La confiance des citoyens de Terrebonne envers leurs élus ayant été durement ébranlée, Québec demande que la vérificatrice générale de la Ville valide leurs décisions d'ici les prochaines élections, mais renonce à imposer la tutelle.

La grogne se fait sentir à Terrebonne depuis que le maire Jean-Marc Robitaille a démissionné en novembre, dans la foulée d'une enquête de l'Unité permanente anticorruption (UPAC). Pour « rassurer les citoyens sur la probité de l'administration actuellement en poste », le ministère des Affaires municipales appelle en renfort la vérificatrice générale de la Ville, Claire Caron.

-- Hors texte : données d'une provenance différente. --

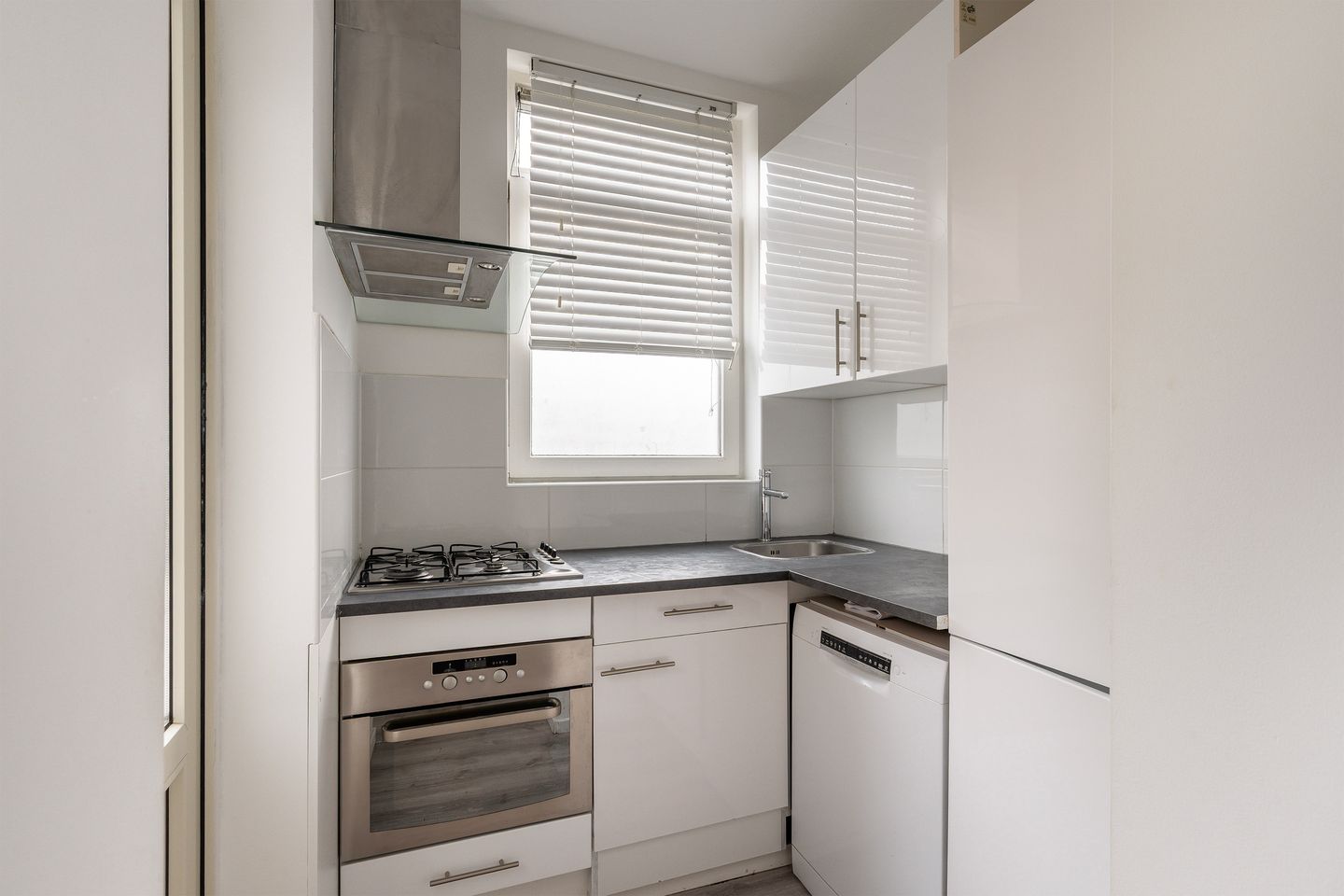 Photo 5 of Van Marumstraat 15-B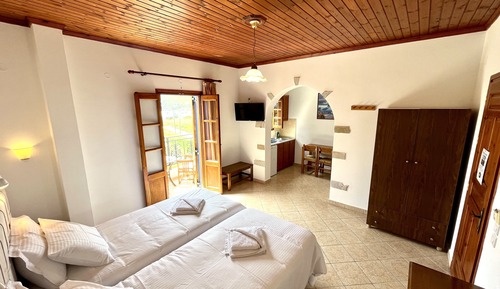 Estudio superior, vistas al mar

Plutôt qu'une mise sous tutelle en bonne et due forme, Québec demande que Mme Caron effectue « une vigie des opérations significatives de la Ville ». La vérificatrice générale aura ainsi pour tâche de vérifier toute décision ou transaction d'importance, comme l'attribution de contrats, les transactions immobilières et les changements de zonage. Elle devra rédiger un rapport à remettre à Terrebonne ainsi qu'au ministre Martin Coiteux, responsable des Affaires municipales.

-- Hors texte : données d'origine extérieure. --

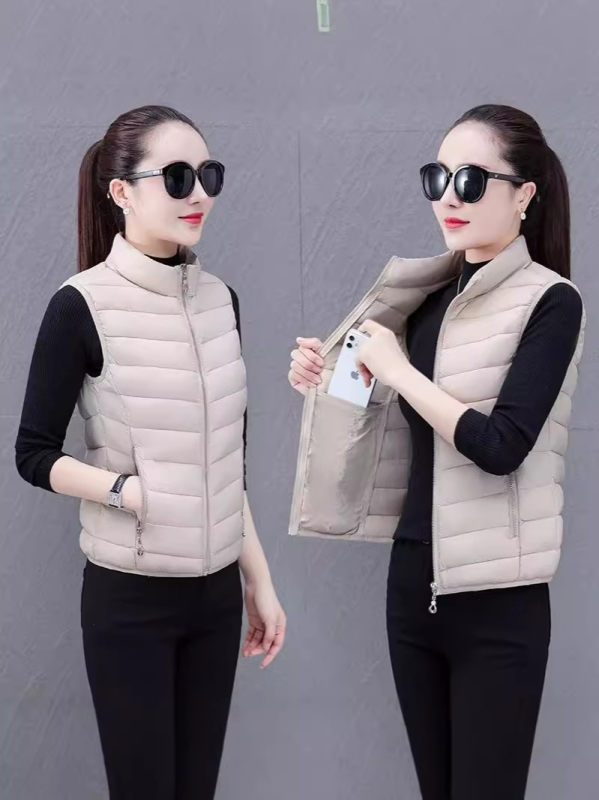 Ženska vesta od poliester materijala, uski kroj, stojeći ovratnik, zatvarač, punjenje poliester-pamuk
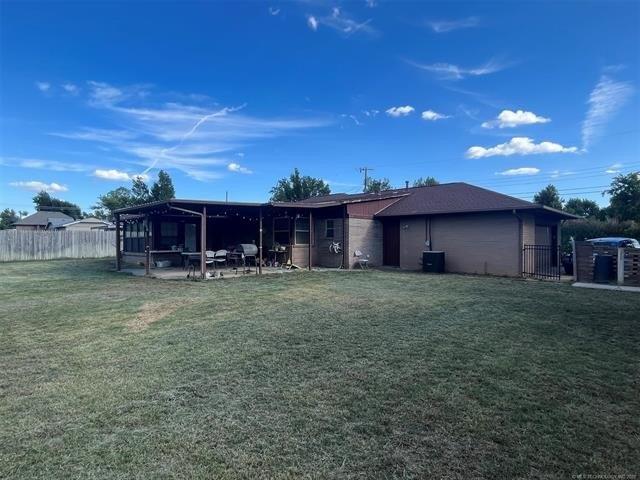 Judy Dr, Del City, OK 73115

Surpris de la demande de Québec, le maire par intérim Stéphane Berthe indique qu'il compte néanmoins s'y plier. Le point sera abordé lors de la prochaine séance du conseil municipal, le 8 mai.

« Il n'y a aucun problème. On fait preuve de transparence », dit Stéphane Berthe.

M. Berthe, qui vient d'annoncer sa candidature pour briguer la mairie de Terrebonne, en novembre, juge que cette solution est moins lourde que la tutelle qu'exigeaient certains citoyens. Une tutelle aurait imposé de nommer au moins deux tuteurs de la Commission municipale du Québec pour valider chacune des décisions prises par les élus. La responsabilité de signer les chèques d'une municipalité ainsi que de nommer ou de destituer les employés incombe aussi aux tuteurs.

SOLUTION INUSITÉE

« C'est un sérieux avertissement au conseil municipal », estime néanmoins Danielle Pilette, spécialiste en affaires municipales à l'Université du Québec à Montréal. Elle qualifie même cette surveillance de « mini-tutelle », puisque la vérificatrice générale aura pour mandat de surveiller des secteurs névralgiques des affaires courantes de la municipalité. Cette solution est inusitée, puisque son rôle est généralement de revenir sur les actions de la Ville et non d'agir en amont.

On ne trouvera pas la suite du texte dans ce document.